SOURCE DATA:

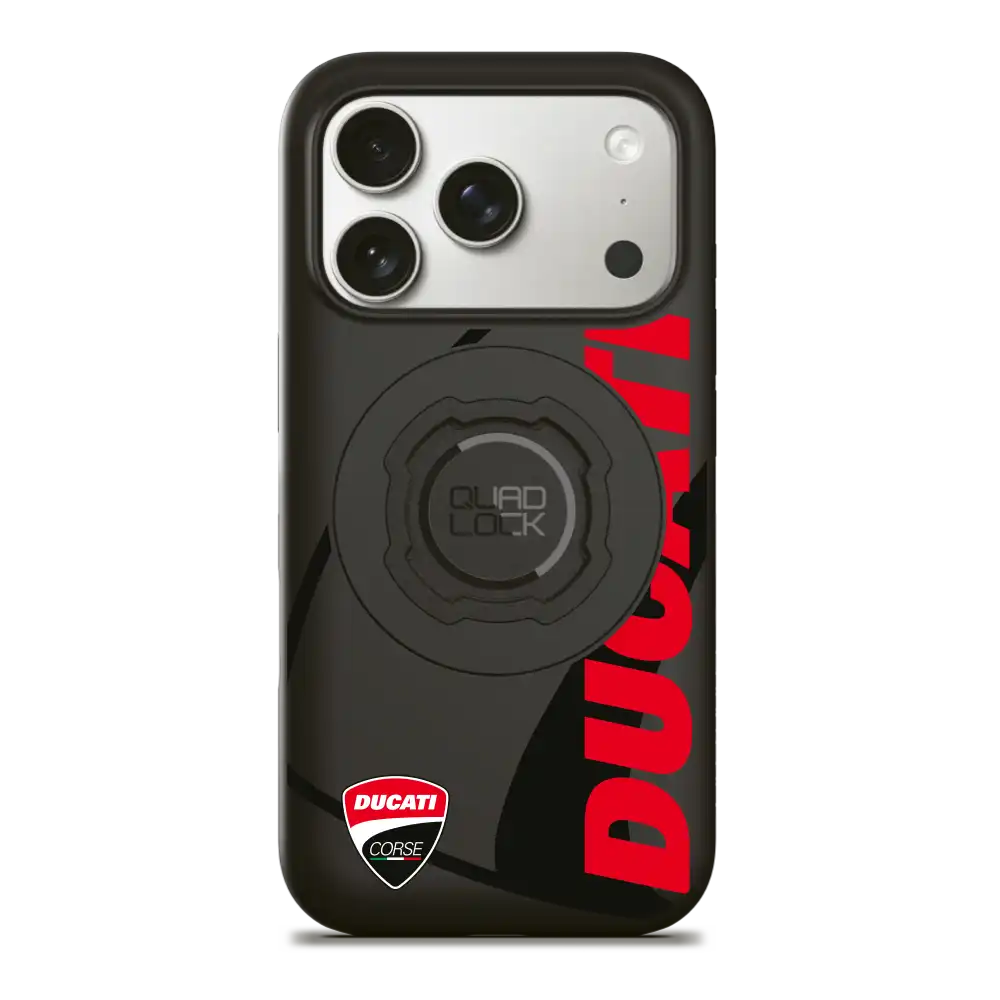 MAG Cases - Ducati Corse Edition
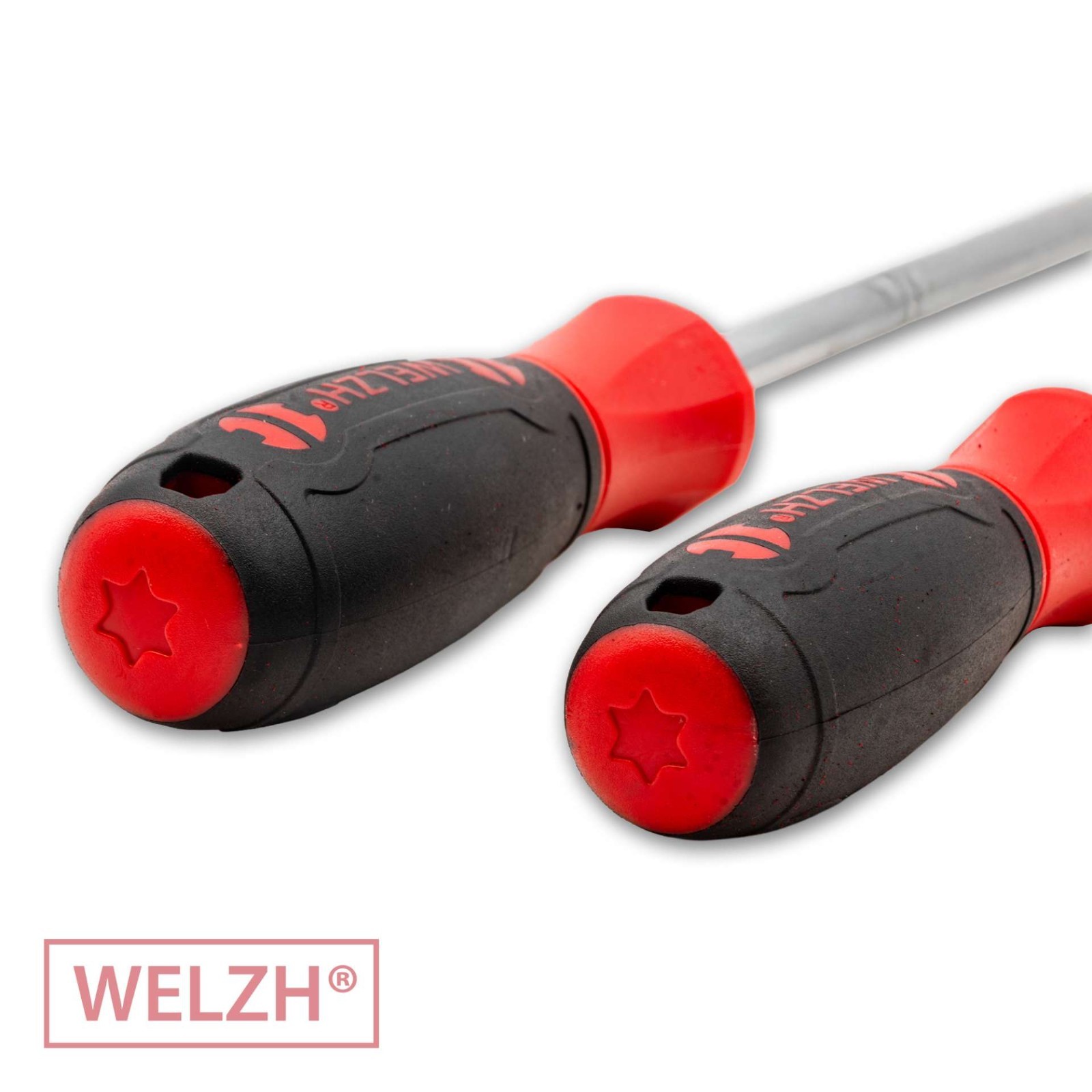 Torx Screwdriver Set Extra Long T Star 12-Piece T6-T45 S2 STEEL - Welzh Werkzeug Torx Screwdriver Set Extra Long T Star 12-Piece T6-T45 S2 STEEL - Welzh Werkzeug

* * *

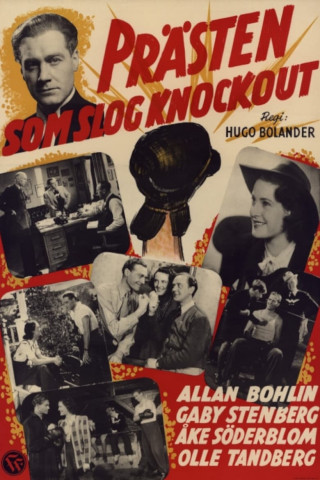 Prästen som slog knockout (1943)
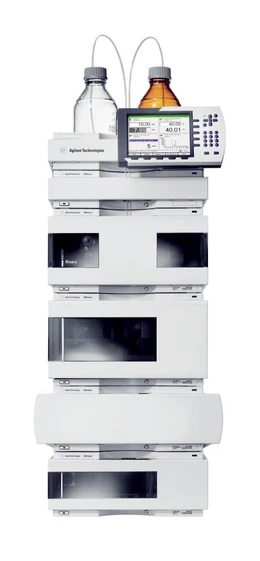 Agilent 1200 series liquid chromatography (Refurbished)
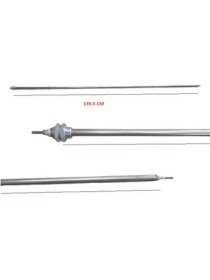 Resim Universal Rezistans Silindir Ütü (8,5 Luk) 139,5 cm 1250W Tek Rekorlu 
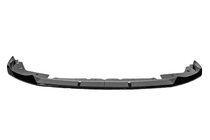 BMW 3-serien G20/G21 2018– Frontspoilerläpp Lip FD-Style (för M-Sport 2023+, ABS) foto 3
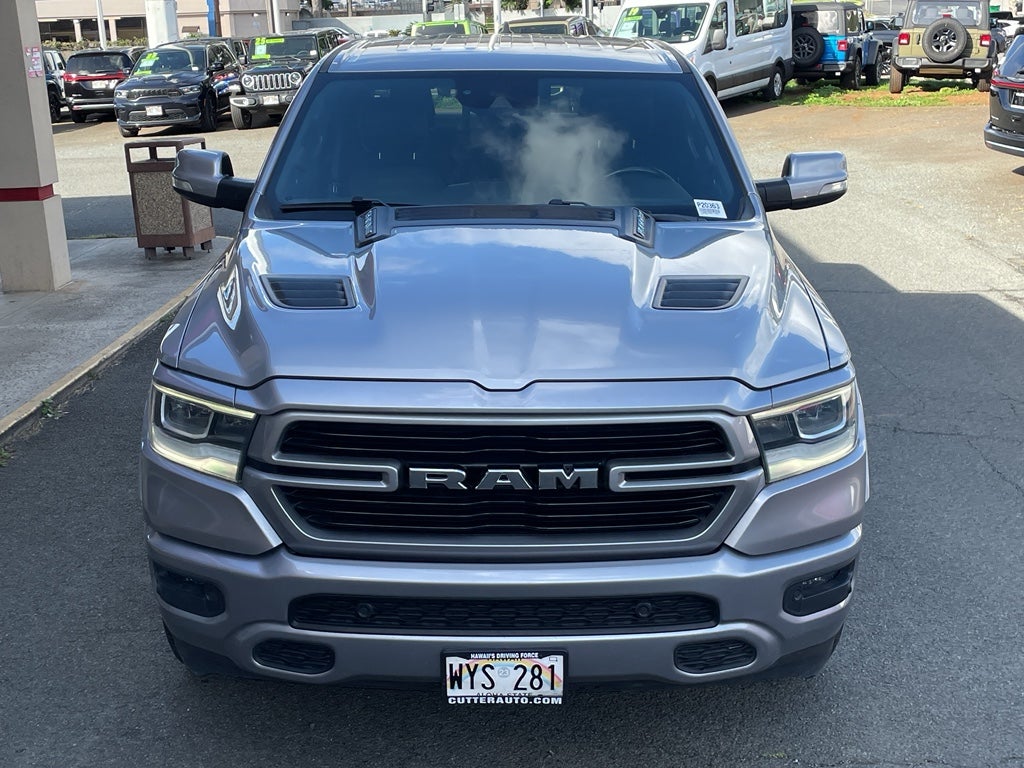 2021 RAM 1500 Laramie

--

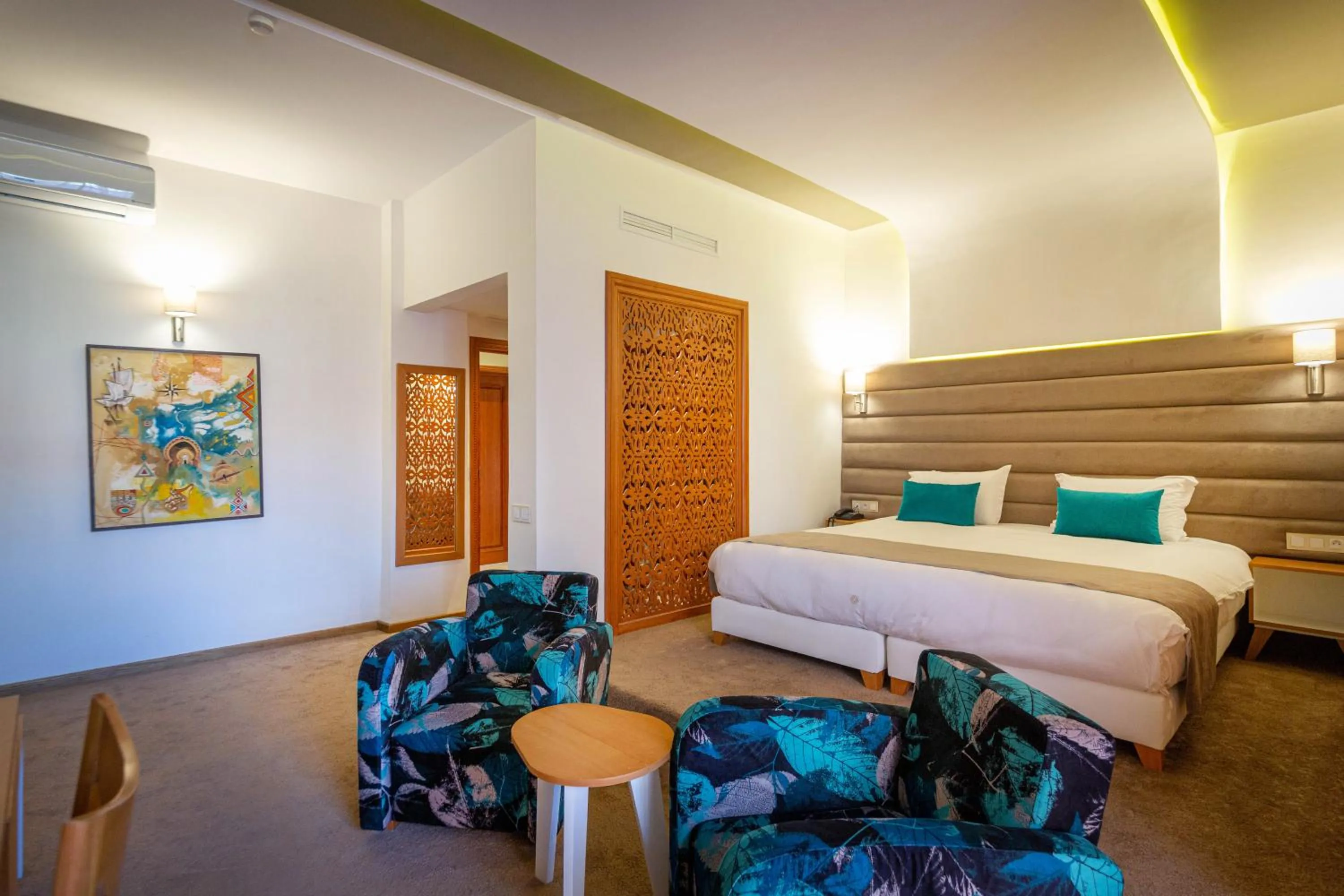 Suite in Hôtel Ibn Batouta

WHAT YOU SHOULD DO:
Look above for the line with "Agilent 1200 series" and the line with "2021 RAM 1500 Laramie". Output those two and everything between them exactly, pictures excluded.

PROBLEM SOLUTION:
 Agilent 1200 series liquid chromatography (Refurbished)
 Resim Universal Rezistans Silindir Ütü (8,5 Luk) 139,5 cm 1250W Tek Rekorlu 
 BMW 3-serien G20/G21 2018– Frontspoilerläpp Lip FD-Style (för M-Sport 2023+, ABS) foto 3
 2021 RAM 1500 Laramie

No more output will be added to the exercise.